__What this task involves__.
Reproduce the following data exactly, minus any images.

__Input data__.
----------
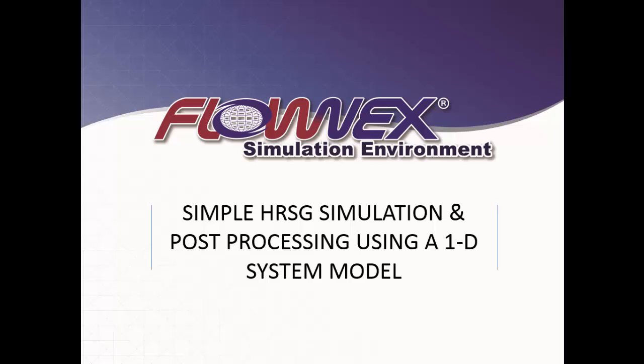Hi and thanks for watching this video where I'll be taking you through a simple HRSG, or heat recovery steam generator, simulation in a 1D system level tool called Flownex. I'll also be highlighting some of the post-processing capabilities of the tool.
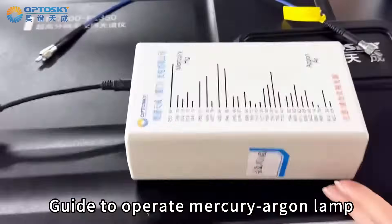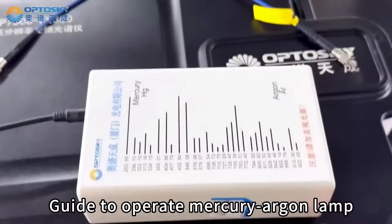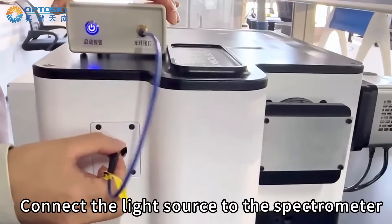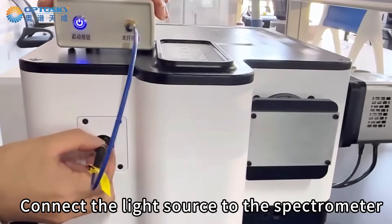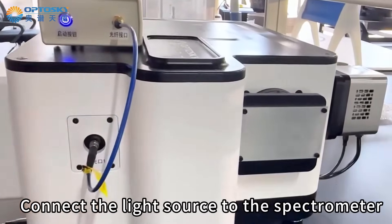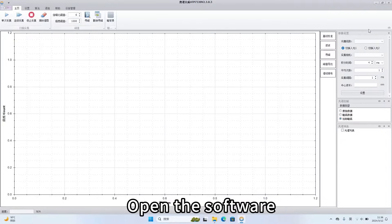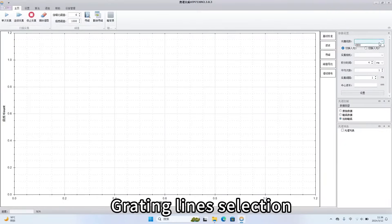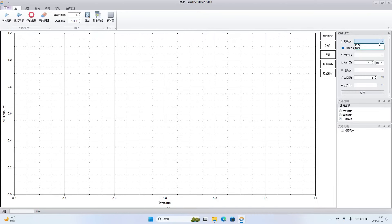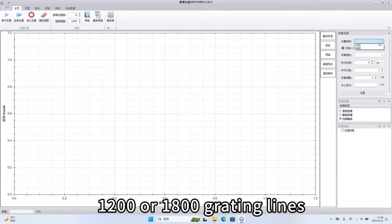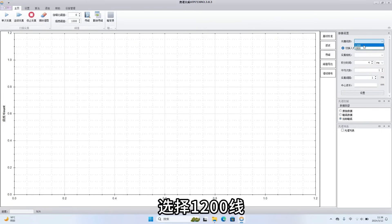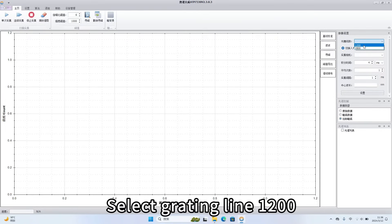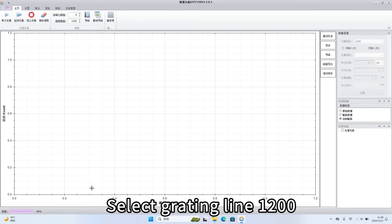Try to operate Mercury Argon lamp. Connect the light source to the spectrometer. Open the software. Grating lines selection: 1000 and 200 or 1800 grating lines. Select grating line 1200.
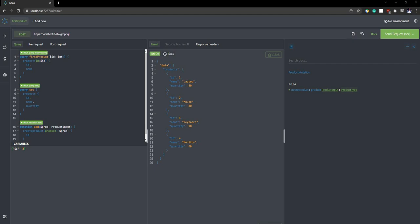Hello everyone and welcome to .NET Core Central. In my last couple of videos I discussed GraphQL — mainly creating a .NET 6 GraphQL service and performing operations like query and mutation. Query for accessing data and mutation for create or edit data. And I also created a .NET 6 client to access the GraphQL service. In today's video I'm going to walk through how to use an Angular application to consume a .NET 6 GraphQL service.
----------
__Result of this exercise__.
Hi and thanks for watching this video where I'll be taking you through a simple HRSG, or heat recovery steam generator, simulation in a 1D system level tool called Flownex. I'll also be highlighting some of the post-processing capabilities of the tool.
Try to operate Mercury Argon lamp. Connect the light source to the spectrometer. Open the software. Grating lines selection: 1000 and 200 or 1800 grating lines. Select grating line 1200.
Hello everyone and welcome to .NET Core Central. In my last couple of videos I discussed GraphQL — mainly creating a .NET 6 GraphQL service and performing operations like query and mutation. Query for accessing data and mutation for create or edit data. And I also created a .NET 6 client to access the GraphQL service. In today's video I'm going to walk through how to use an Angular application to consume a .NET 6 GraphQL service.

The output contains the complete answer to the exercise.